Ensure that dbo is the owner to prevent broken ownership chains. Broken ownership chains result when an object is created that depends on another object owned by a different user. For example, Todd creates a table, Mary creates a view on Todd's table, and Mary grants permissions to John to select from her view. SQL Server will check permissions for every break in ownership. Permissions will be checked for John on both Mary's view and Todd's table. If John does not have select permissions to Todd's table, John will not be able to access Mary's view. This behavior prevents users from accessing another user's object without explicit permissions. The exception would be if John were a member of a role that was granted permission on Todd's table.


Permissions can be granted on a selected number of columns in a table. Row level security can be implemented only through a view, stored procedure, or function. Because managing column level permissions can become complex, it is recommended that column and row level security be managed by creating views or alternately stored procedures or functions. These objects will specify the columns and rows to be accessed. Permissions should be granted on the object rather than the underlying table.

If the company is developing custom-built software, prevent users from having any form of direct access to any table. Instead, create views for every table and grant permissions only to those views through application roles.

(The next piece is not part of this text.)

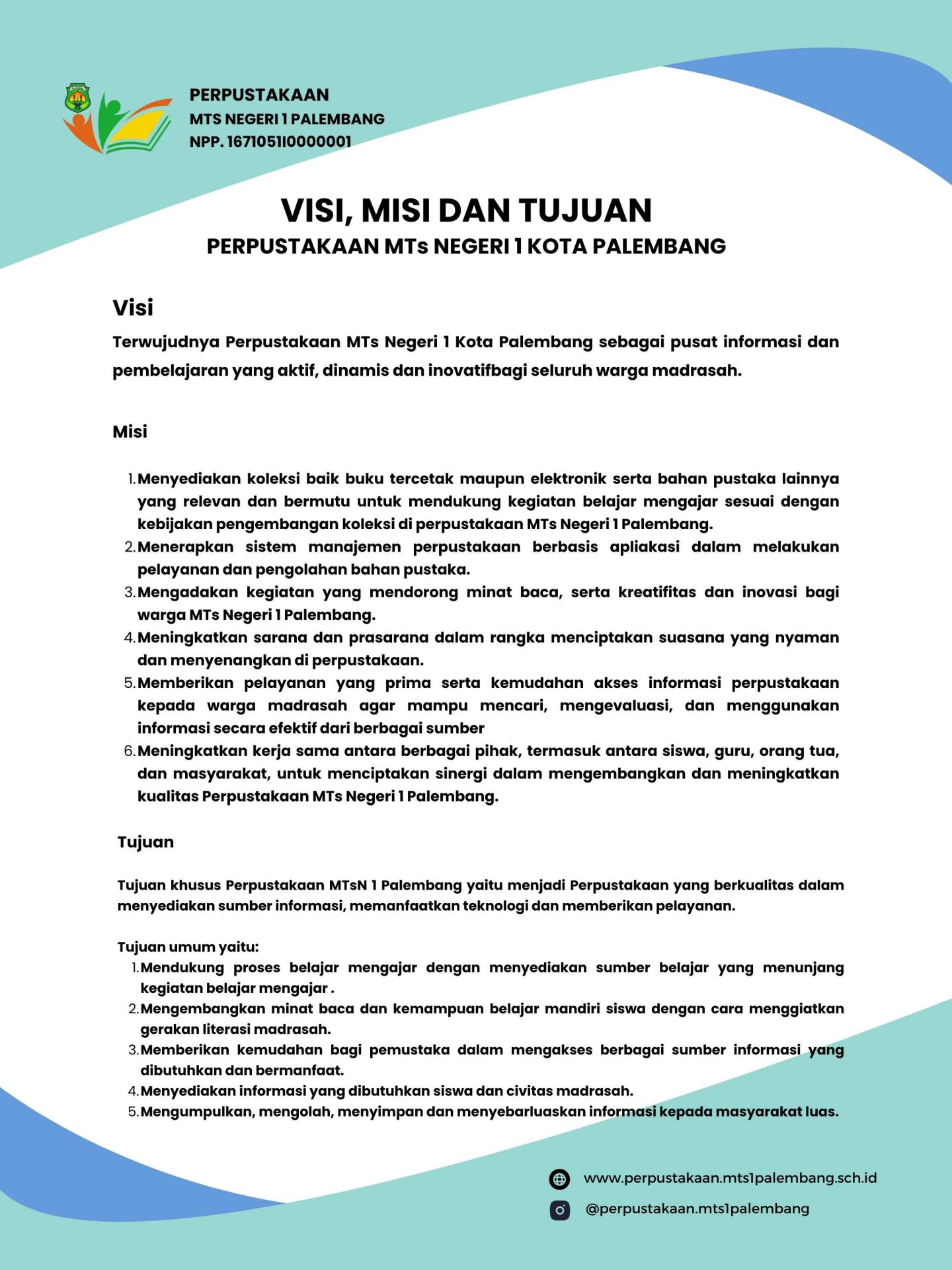 Visi, Misi dan Tujuan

Document each security measure on each SQL Server, including the time it was made. Include the following in the documentation:

  • The authentication mode

  • Members of the local Administrators group

  • Members of the sysadmin and other fixed server roles

  • Members of the db_owner and other fixed database roles

  • Members of any user-defined roles

  • The permissions granted for each object

  • To be thorough, the DBA should document all changes in security, from server level changes to object level changes, as well as statement permissions as they occur.

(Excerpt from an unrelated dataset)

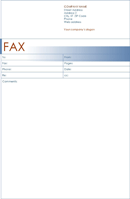 Fax Cover Sheet (Blue Design) form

Windows 2000 and SQL Server 2000 service packs, patches, and hot fixes should be researched and applied on a regular basis.

Windows Authentication should be the chosen method for all clients who support trusted connections. For accounts that do not support trusted connections, a SQL Server login account and password should be created by the DBA.

DBAs should use extreme caution in configuring SQL XML support in Internet Information Server (IIS). Windows authentication should be used for the virtual directory that is created. Do not use sa if using a SQL Server account.

All means of access into SQL Server 2000 and to the data should be carefully explored and examined. Other means include Enterprise Manager, Microsoft Access, Query Analyzer, osql, third-party tools, and custom applications.

Applications should not return sensitive information to clients. Informational messages and errors should be replaced with more generic responses to prevent clients from viewing server names, IP addresses, code, and other secure items.

Although the master database is a convenient place to create stored procedures used for administration, a better plan is to create a standard SQLAdmin database on each server and store the objects there.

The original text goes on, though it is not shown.